● **EXERCISE DETAILS**
Skip every picture and copy only the lines from the one containing "Summer New Mα" to the final line of the records below.

[Start of Attachment]

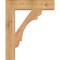 Ekena Millwork Olympic Block Smooth Bracket, Western Red Cedar, 3 1/2"W x 18"D x 22"H BKT04X18X22OLY05SWR - alternate 4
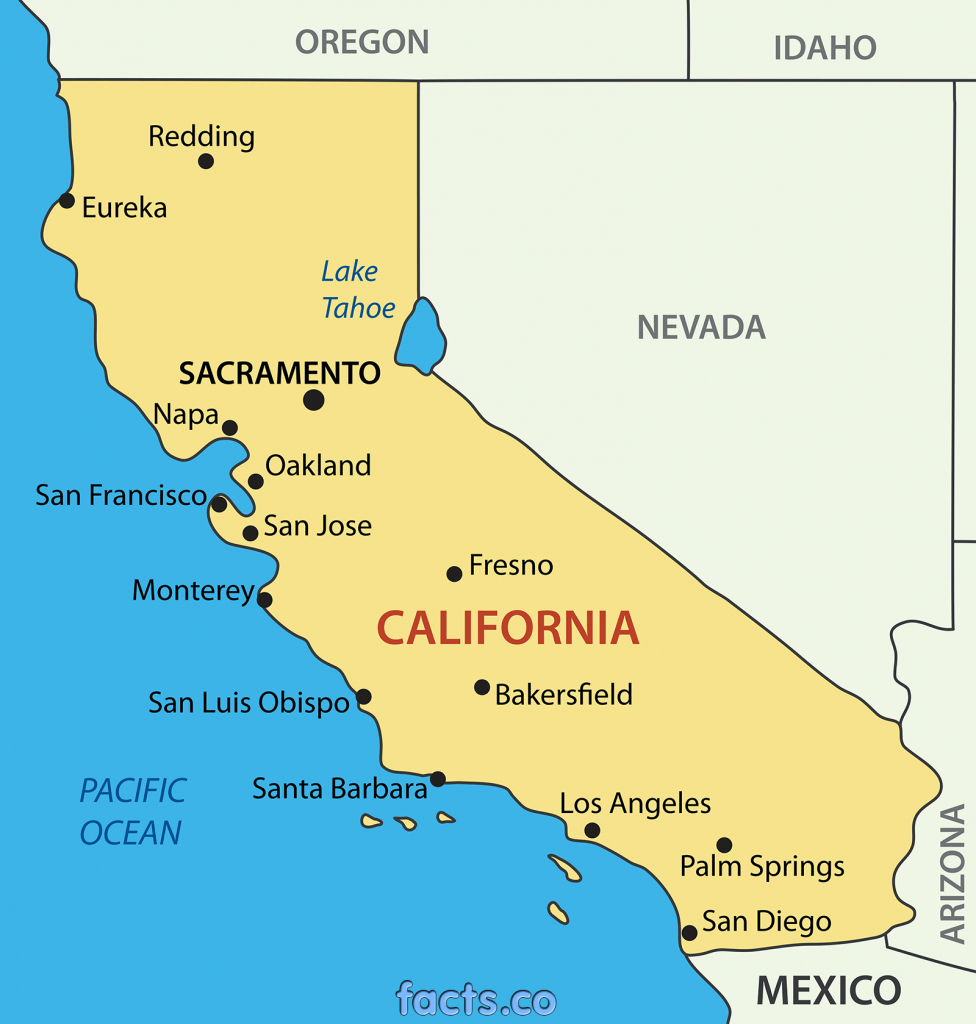 California State Map Cities And Travel Information | Download Free - California State Map With Cities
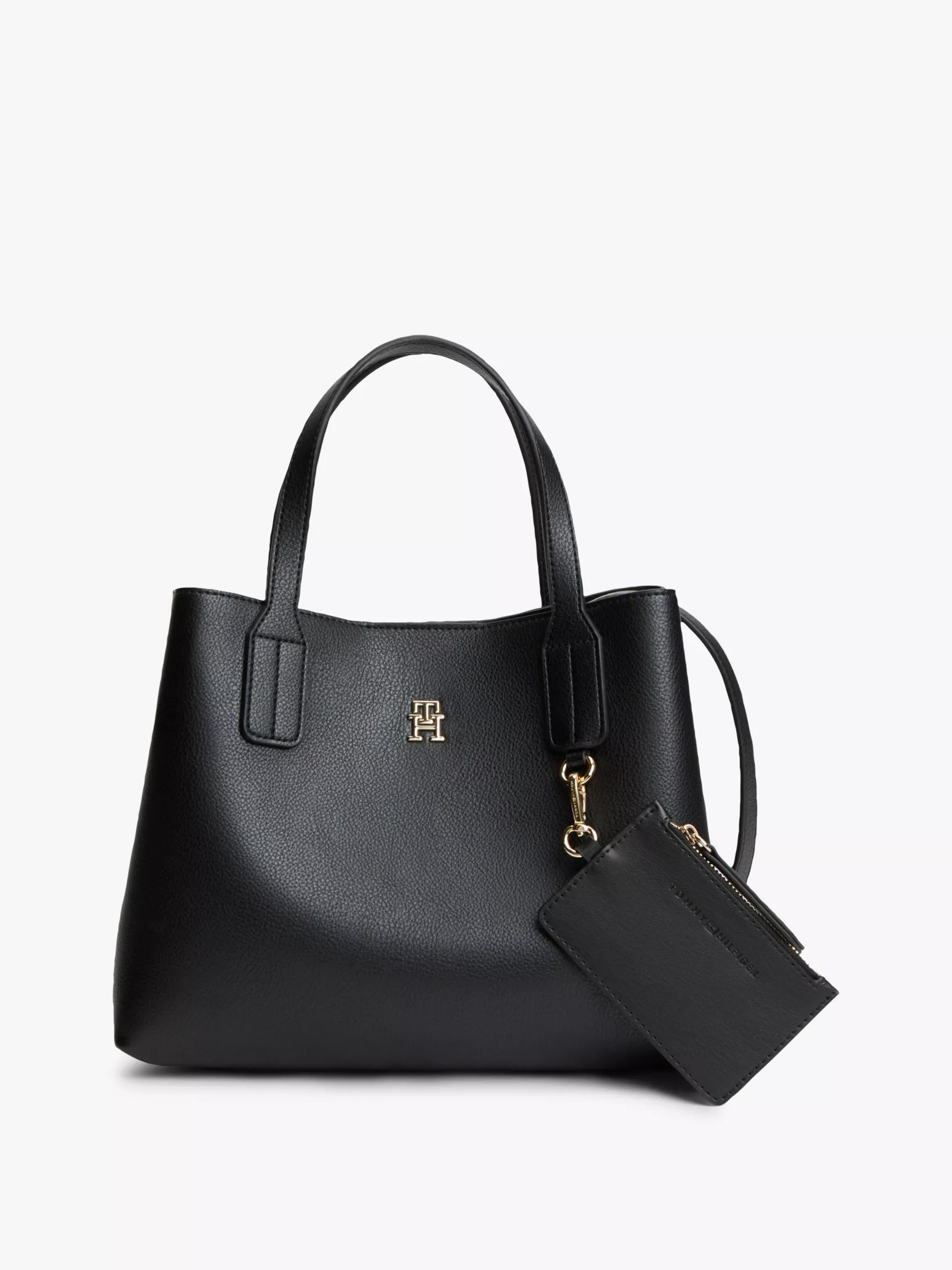 Monogram Pebbled Mini Satchel Bag by TOMMY HILFIGER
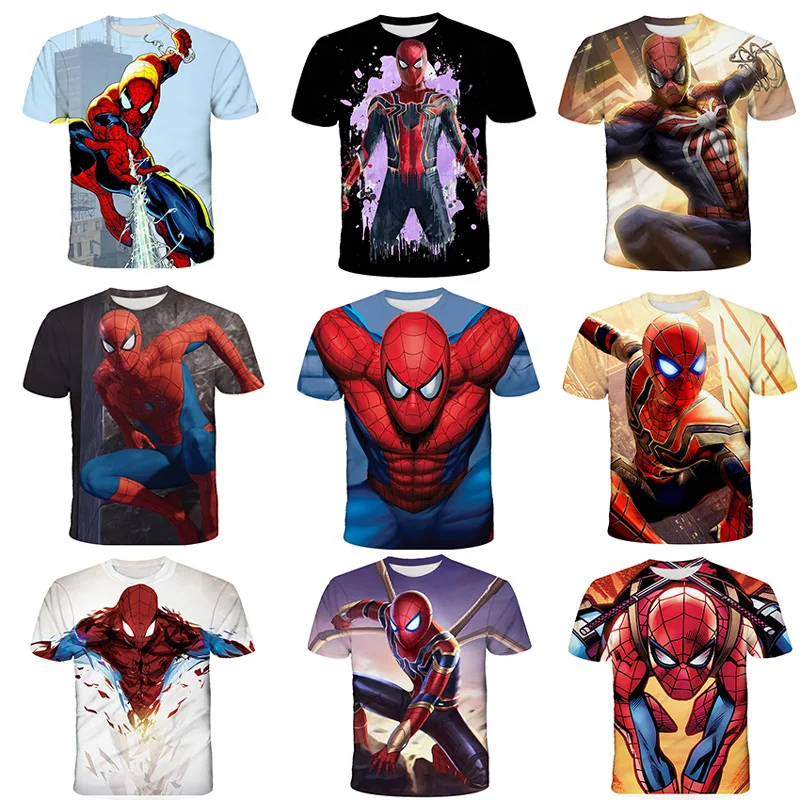 

Summer New Mα Rvel - Spider α N T Shirt Boys Clothing Short Sleeve Boys Top T Shirt Kids Clothing Kids Girls T Shirt Ages 4-14Y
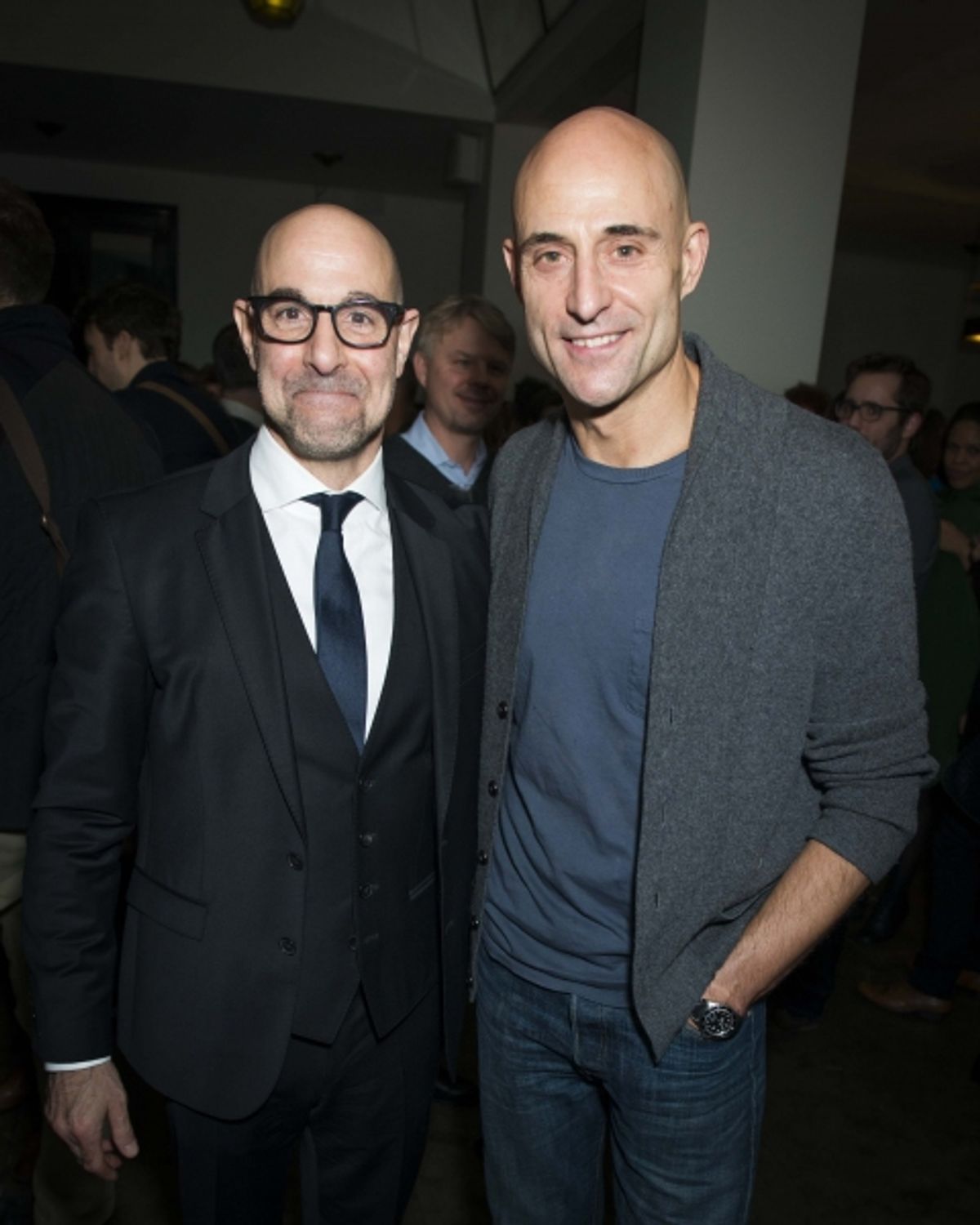 Stanley Tucci and Mark Strong  at 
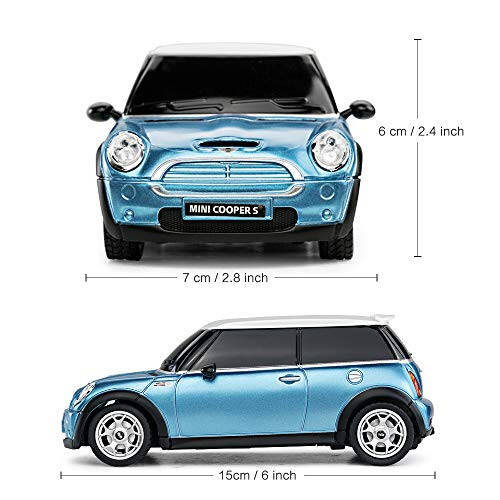 RASTAR 1:24 RC Cars Toy Mini Cooper Car for Kids Mini Cooper S Remote Control Car - Blue - 3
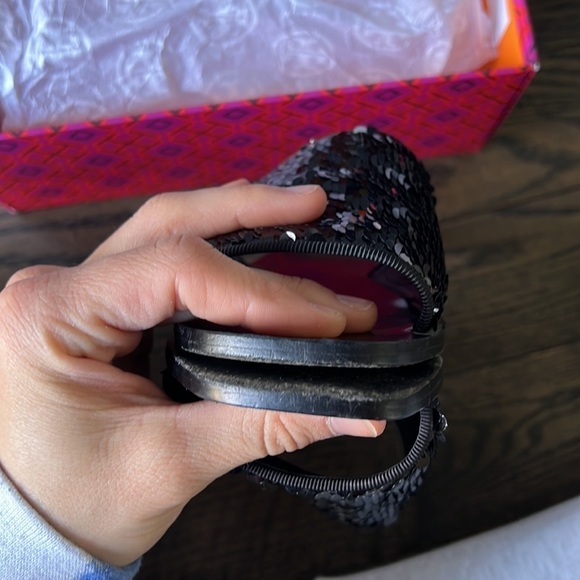 TORY BURCH Carter Reversible Sequin Slides black luxury - Picture 6 of 15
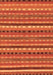 Abstract Orange Modern Rug, abs200org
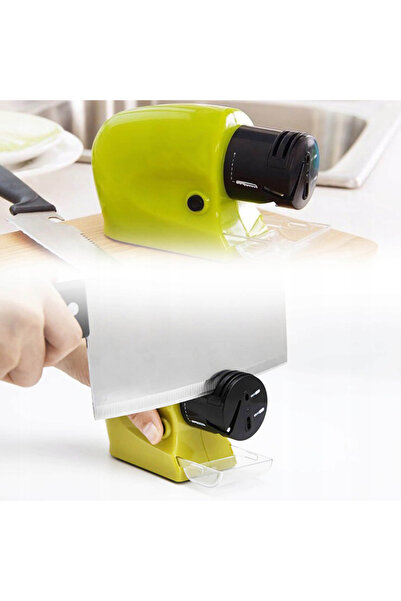 zola Electric knife/scissor/screwdriver sharpener, removable head, 14.5x6x8 cm, green/black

[End of Attachment]

● **TASK RESPONSE**
Summer New Mα Rvel - Spider α N T Shirt Boys Clothing Short Sleeve Boys Top T Shirt Kids Clothing Kids Girls T Shirt Ages 4-14Y
 Stanley Tucci and Mark Strong  at 
 RASTAR 1:24 RC Cars Toy Mini Cooper Car for Kids Mini Cooper S Remote Control Car - Blue - 3
 TORY BURCH Carter Reversible Sequin Slides black luxury - Picture 6 of 15
 Abstract Orange Modern Rug, abs200org
 zola Electric knife/scissor/screwdriver sharpener, removable head, 14.5x6x8 cm, green/black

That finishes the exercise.